Others have a different view. "SONIC has been strangely and dangerously quiet in the wake of its recent credit card hack," Steve Morgan, founder at market research firm Cybersecurity Ventures told SecurityNow. "If we've learned anything from the aftermath of the world's two largest hacks -- on Yahoo and Equifax -- it's that senior executive and IT management should come clean early. The best post-hack practice is to get loud, quick."
SONIC has upped the volume on one front: offering generic security advice to consumers. It's fair to assume that since SONIC scanned the credit and debit cards of its customers -– and stored that data on its own servers -- that SONIC is responsible for it. And yes, SONIC is likely a victim here too. But offering reminders to customers to check their statements, freeze their credit reports and in general be more vigilant is closing the stable door after the horse has bolted.

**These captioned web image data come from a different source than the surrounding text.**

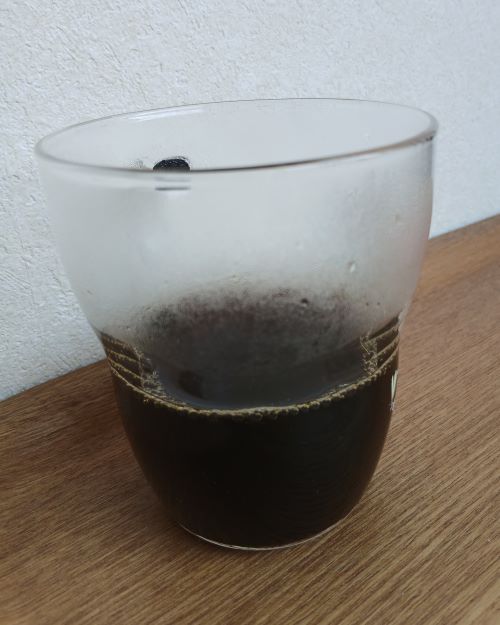 ＵＣＣ上島珈琲「UCC 職人の珈琲 ビターな味わいのクラシックブレンド(粉) 」モラタメ.net★タメせる！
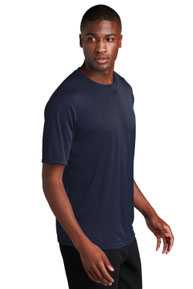 Port & Company® T-Shirt - Men's Performance Tee PC380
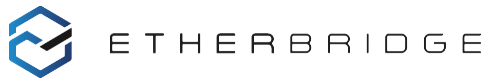 Etherbridge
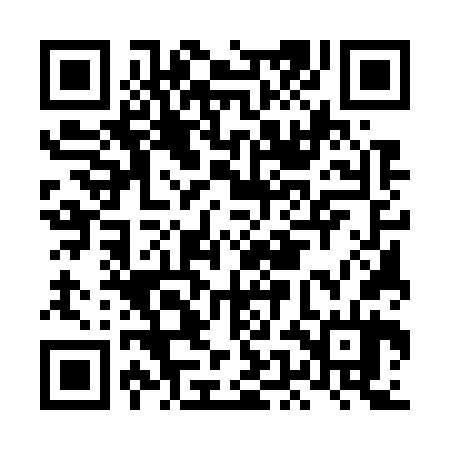 QR code for LEE764
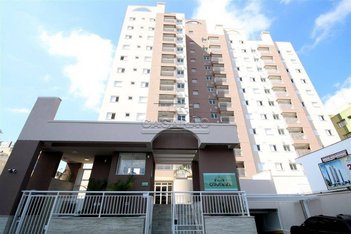apartment em Rua Luís Cavana, Centro - São Caetano do Sul - SP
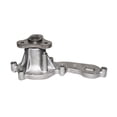 thumbnail image 1 of Bomba de Agua K-NADIAN 2007 al 2019 HONDA L4 1.5L, 1 of 3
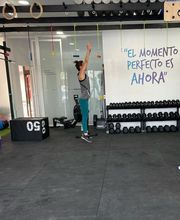 Monday Revolution imagen 3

Interestingly, SONIC has been offering advice about potential ID theft and that may indicate that more than just card numbers and names were stolen. But again, it's just not clear. In our book, if there's no suggestion consumers did anything to expose themselves, the onus is on the businesses to make good.

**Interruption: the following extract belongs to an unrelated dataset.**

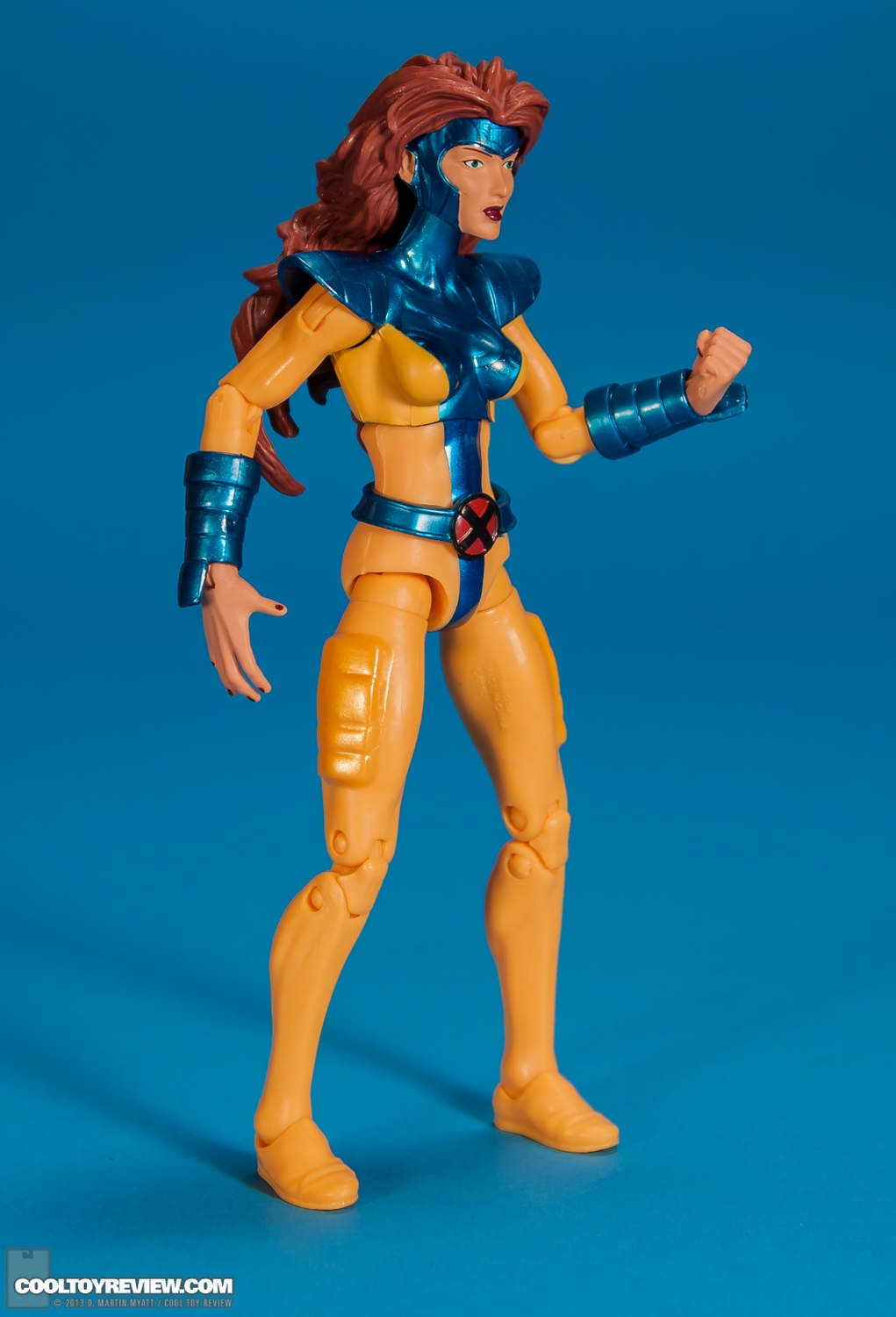 Jean-Grey-Marvel-Legends-Rocket-Raccoon-Series-Hasbro-002.jpg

Meantime, we're left to take an educated guess at what happened.
To begin with, it may have been perpetrated by a SONIC insider, not necessarily a staff member. Historically, hackers have used third party contractors to a retail outlet to get them inside. It's also fair to speculate that the target was a central server, since a compromise at this level could have driven the scale to compromise a huge number of locations.

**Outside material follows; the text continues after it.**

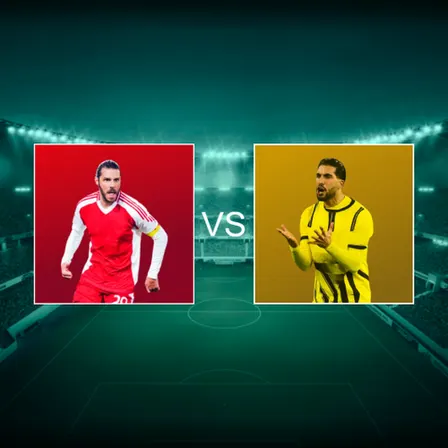 1 Fc Union Berlin Vs Borussia Dortmund Bundesliga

"In similar attacks, you see criminals going after servers that either distribute the software to POS systems or collect the transactional data from them," Fernando Montenegro, a senior info-sec analyst at 451 Group, told Security Now. The card details have indeed been harvested and already been dropped onto at least one card dump site and sold on to buyers. Usually from there, the strategy is to use those details to purchase big-ticket retail items using stolen details, and then launder these through online auction sites.
This type of attack could have been prevented by some commonly used controls including stronger authentication requirements for administrative functions, and the use of tighter application controls on the POS devices themselves. There are also upgrades to payment systems that restrict where and how the card data resides and flows, but those upgrades are usually a relatively complex process that takes time and cost.
451's Montenegro thinks that SONIC's franchisee structure may hamper prevention. "It certainly adds a layer of complexity, both in terms of having to potentially coordinate not only day-to-day operations but also long-term updates" he said. "It's one more thing for the business to address in their franchising agreements."
As SONIC presumably moves into repairing its security administration and systems after forensics, consumer groups are becoming angry at what they see as weak regulation and protection in cases of cybertheft.
John Simpson, privacy project director at consumer advocacy group, Consumer Watchdog, said of current provisions, that they're "completely inadequate. Many businesses make a calculated assessment that it's cheaper to run the risk of a break or hack than to provide adequate security."
Consumer Watchdog lobbies for improvements in requirements for consumer security protections at both the national and state level, but it's an uphill battle. "It's very frustrating in the current anti-regulatory mindset of the Trump Administration and Republican Congress. It's always a David versus Goliath battle when consumer groups confront businesses about necessary regulatory reforms," said Simpson.
So, where's the weak spot, who's to blame, who's accountable? Consumers? Businesses? The regulatory system?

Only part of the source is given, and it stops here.